On procède ensuite à l’allumage du four en faisant un feu assez intense dans la chambre de chauffe, à la base de la cornue ; la charbonnette commence alors à sécher, puis à distiller ; au bout de quelque temps, il y a lieu de compléter le chargement de la cornue ; enfin, les gaz de distillation, ayant traversé le condenseur, arrivent aux brûleurs de plus en plus intensément et s’enflamment. Une fois les brûleurs enflammés, il est inutile de continuer à chauffer la cornue ; le four est en régime et la carbonisation commencée va se poursuivre sans interruption, à condition d’assurer régulièrement l’approvisionnement de la cornue en charbonnette et le défournement du charbon de bois.
Quand le four est en régime, on a, à l’intérieur de la cornue, les trois zones classiques dans la distillation du bois, à savoir, en partant du haut : séchage, distillation, carbonisation.
Comme la cornue est toujours pleine, la charbonnette carbonisée se casse d’elle-même sous le poids du bois, ce qui fait qu’il n’est besoin, avant de défourner, que de donner un très léger mouvement au levier de défournement ; on bénéficie ainsi du double avantage de ne pas pouvoir défourner des incuits, et de retirer régulièrement un charbon de bois particulièrement pur, bien conditionné et exempt d’humidité. La condensation des goudrons et des jus pyroligneux s’effectue d’une manière satisfaisante, ainsi que de longs essais en forêt l’ont démontré.

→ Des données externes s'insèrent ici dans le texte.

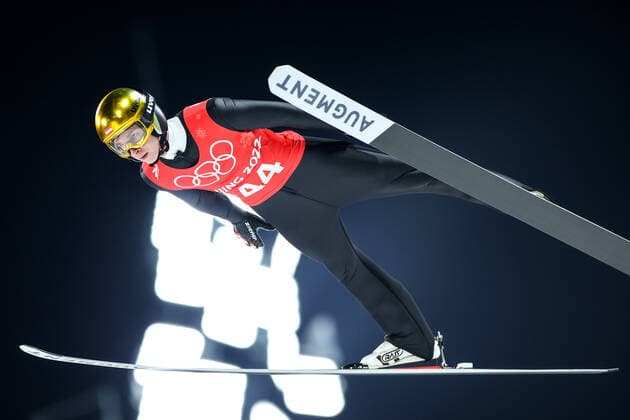 OLYMPICS - Winter Olympic Games, Olympische Spiele, Olympia, OS Beijing 2022 ZHANGJIAKOU,CHINA,10.FEB.22 - OLYMPICS, NORDIC SKIING, Ski jumping, Skispringen, Ski, nordisch - Winter Olympic Games Beijing 2022, normal hill, men, training. Image shows Daniel Tschofenig (AUT).  GEPAxpictures xMaticxKlansek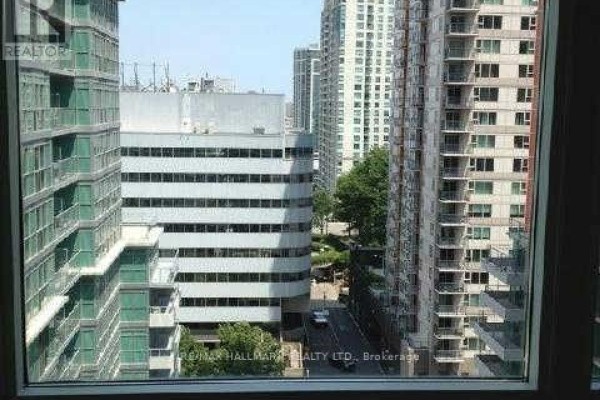 Kitchen - 1205 - 60 Town Centre Court, Toronto, ON M1P0B1 Photo 2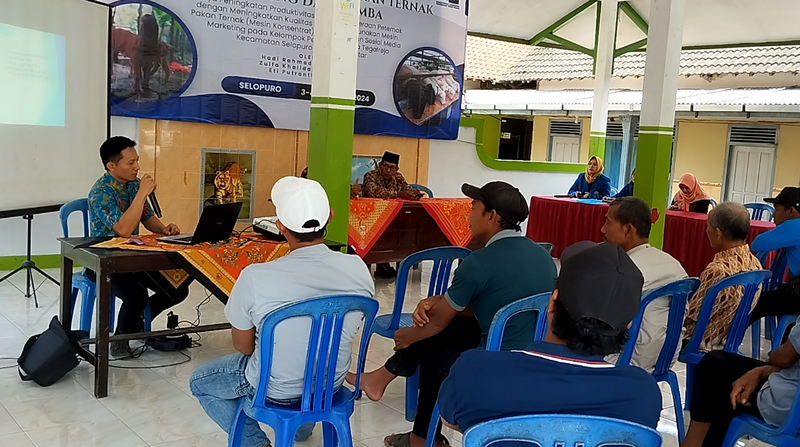 Pelatihan Pembuatan Pakan, Tim Pengabdian Polinema Tingkatkan Produktivitas dan Kesejahteraan Peternak Kambing dan Domba 1 Polinema.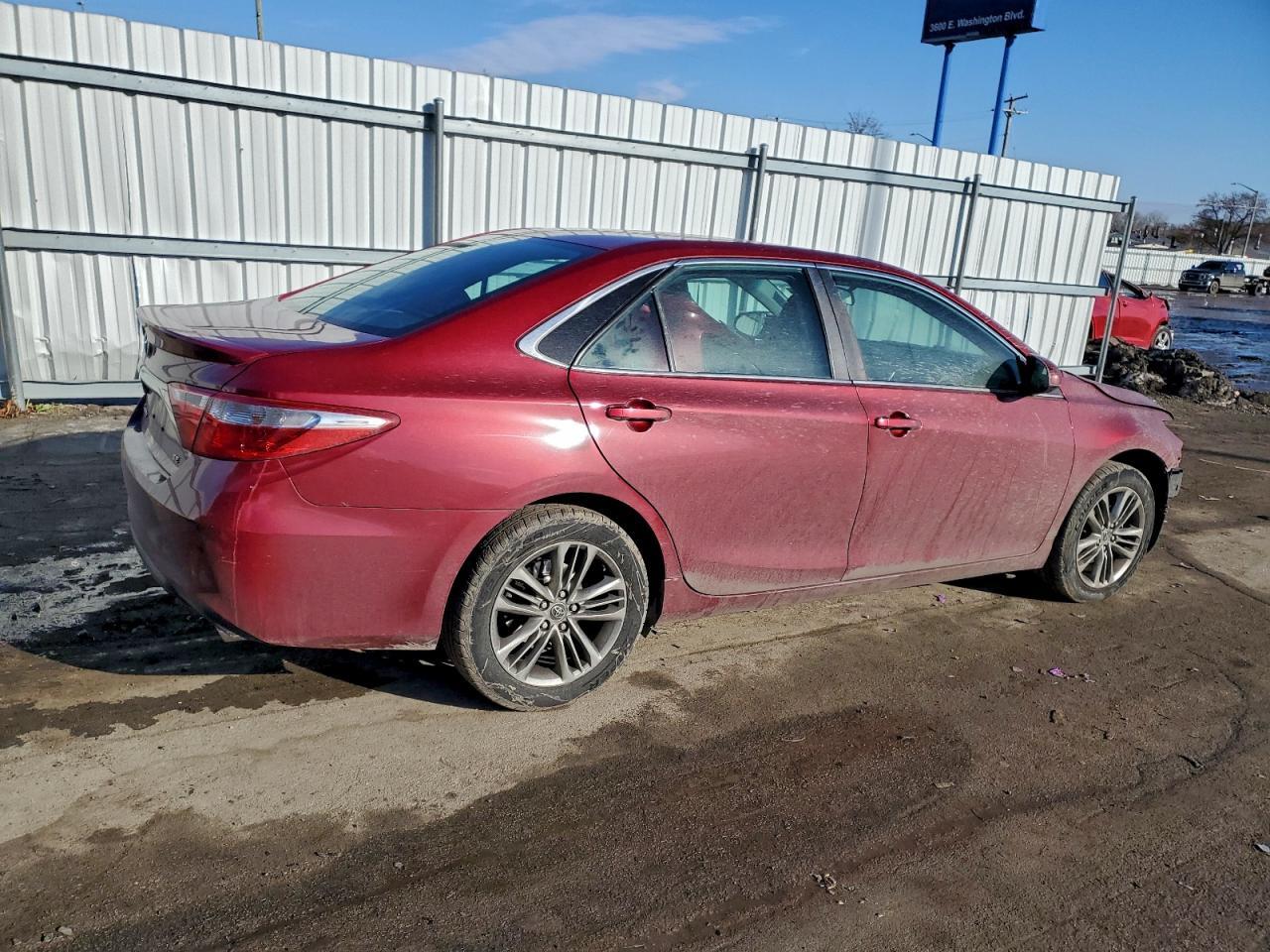 2015 Toyota Camry Le - Фото 3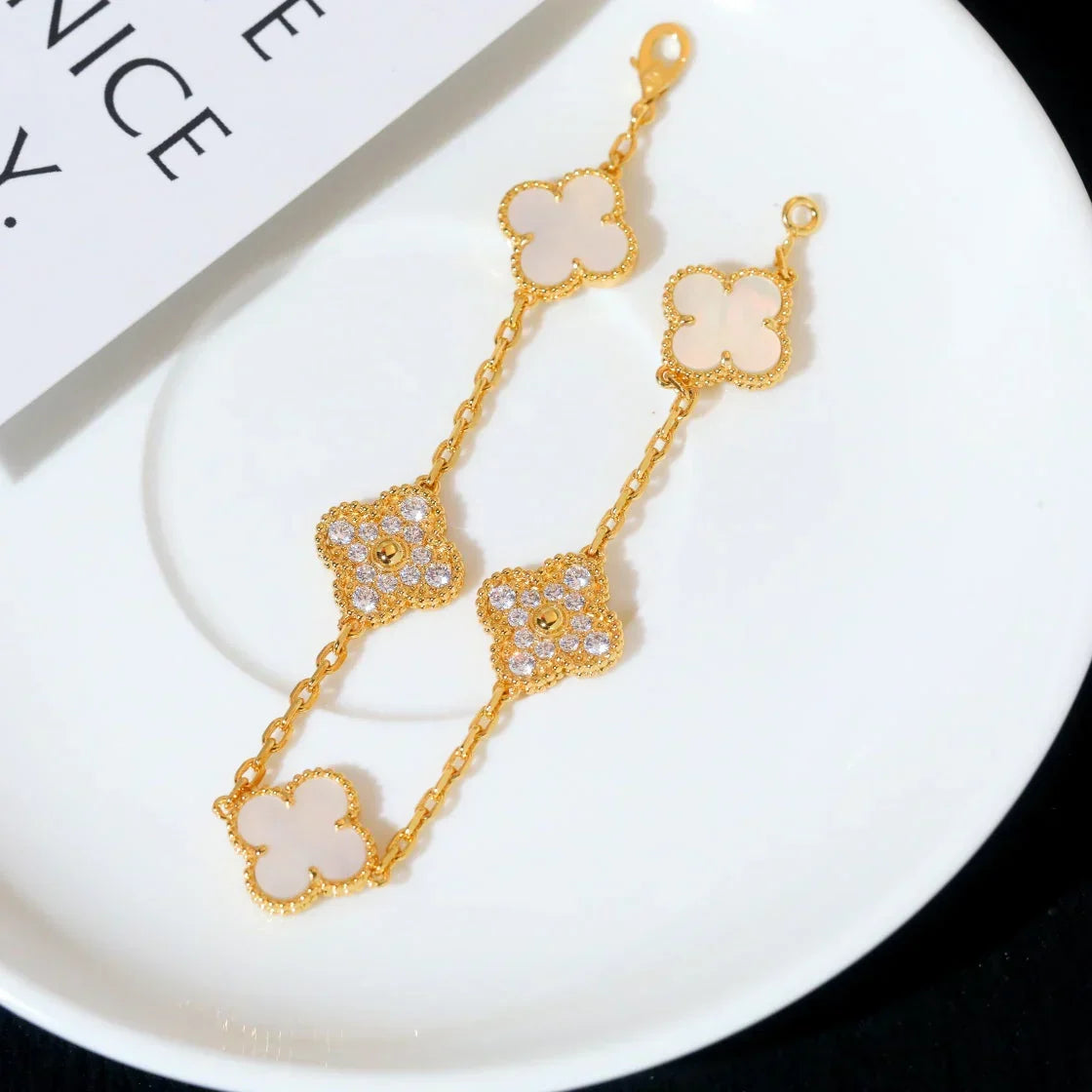 [Lume Jewelry]New CLOVER WHITE PEARL MOP 5 MOTIF BRACELET COLLECTION
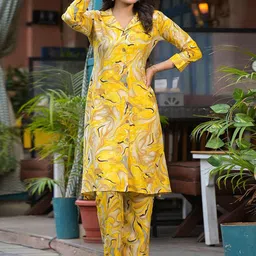 Peachmode Shirt Collar Floral Printed Tunic With Trousers-image-47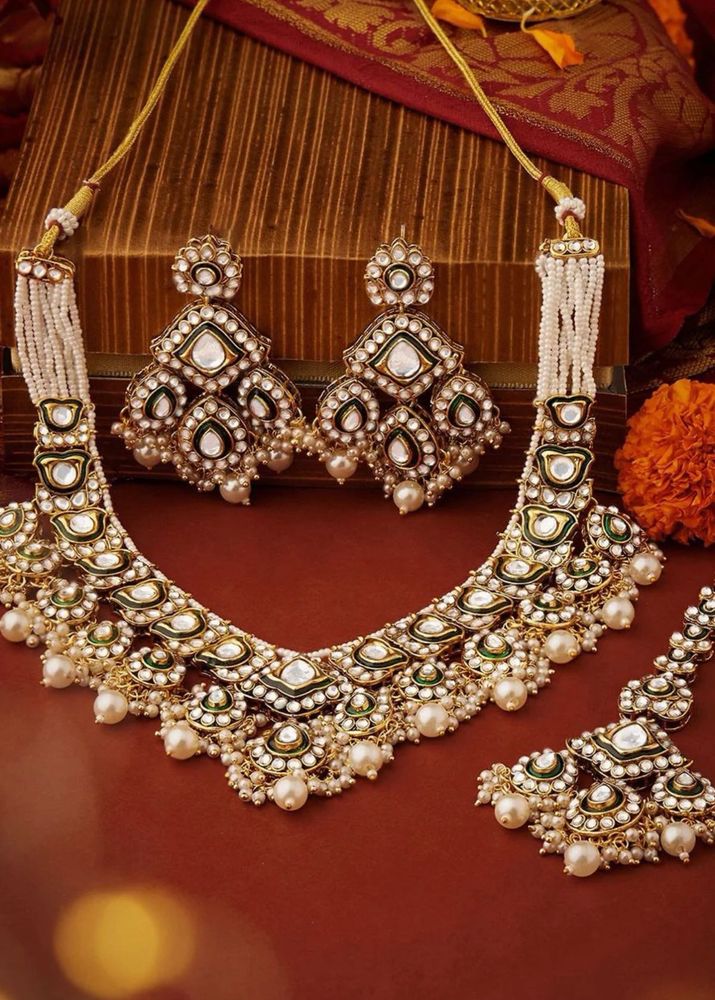 Elegant Kundan Jewellery Set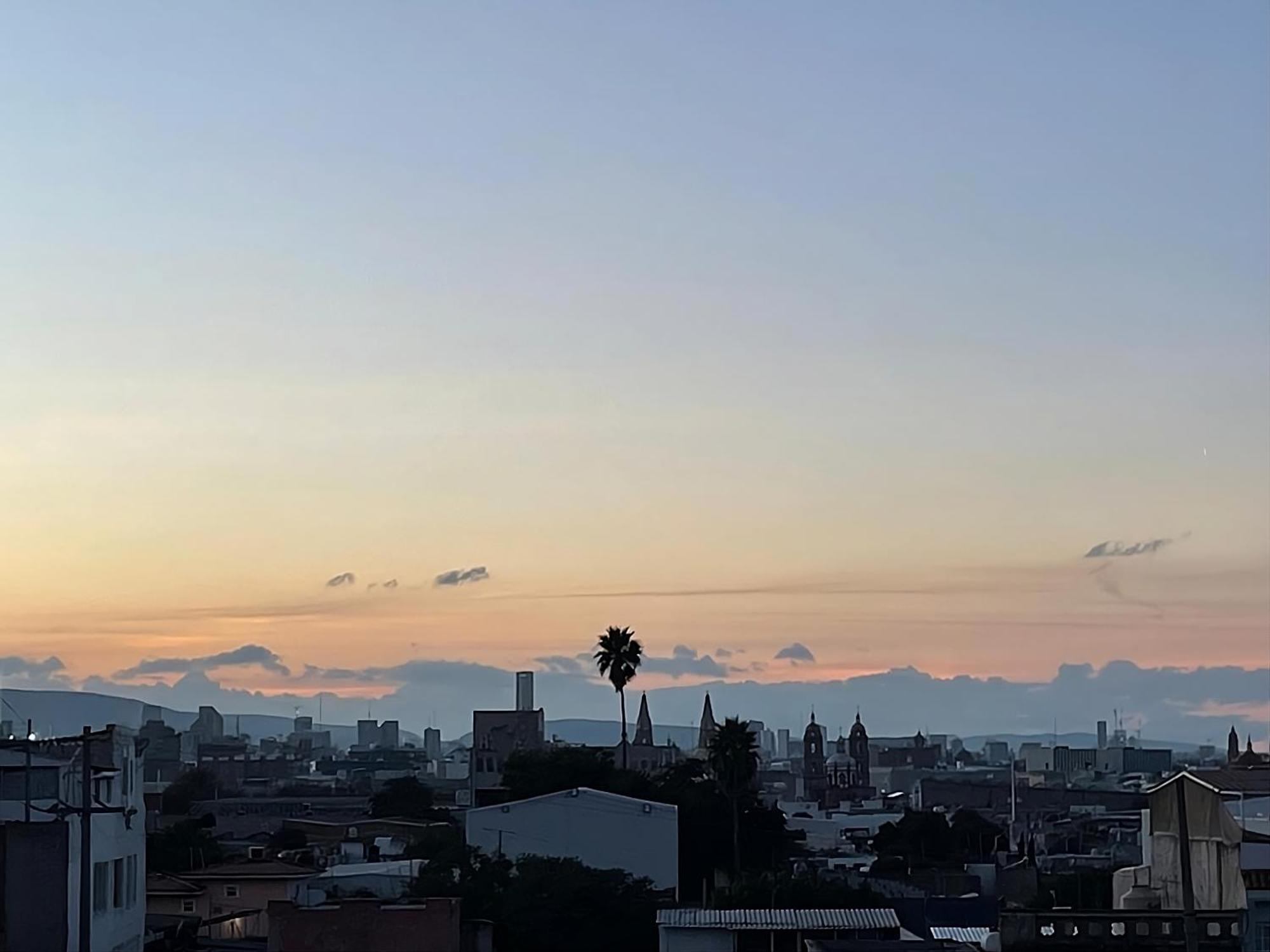 Depa Familiar Centrico Gdl Con Estacionamiento Apartment Гуадалахара Екстериор снимка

Nous aurons l’occasion de revenir, dans un prochain article sur les résultats de la carbonisation dans le four Turpin, tant en ce qui concerne le rendement et la qualité du charbon de bois que la récupération des goudrons et des jus pyroligneux.
Qu’il nous suffise d’indiquer, pour terminer, les rendements constatés sur le four avec du bois sec pesant 390 kilos au stère avec du bois vert venant d’être abattu :
Dans le premier cas, on a obtenu une moyenne de 110 kilos au stère, soit un rendement de 28 % en poids, avec 55 kilos de charbon de bois par 24 heures.
Dans le second cas, la moyenne a été de 80 kilos au stère, avec une production de 275 kilos environ par 24 heures.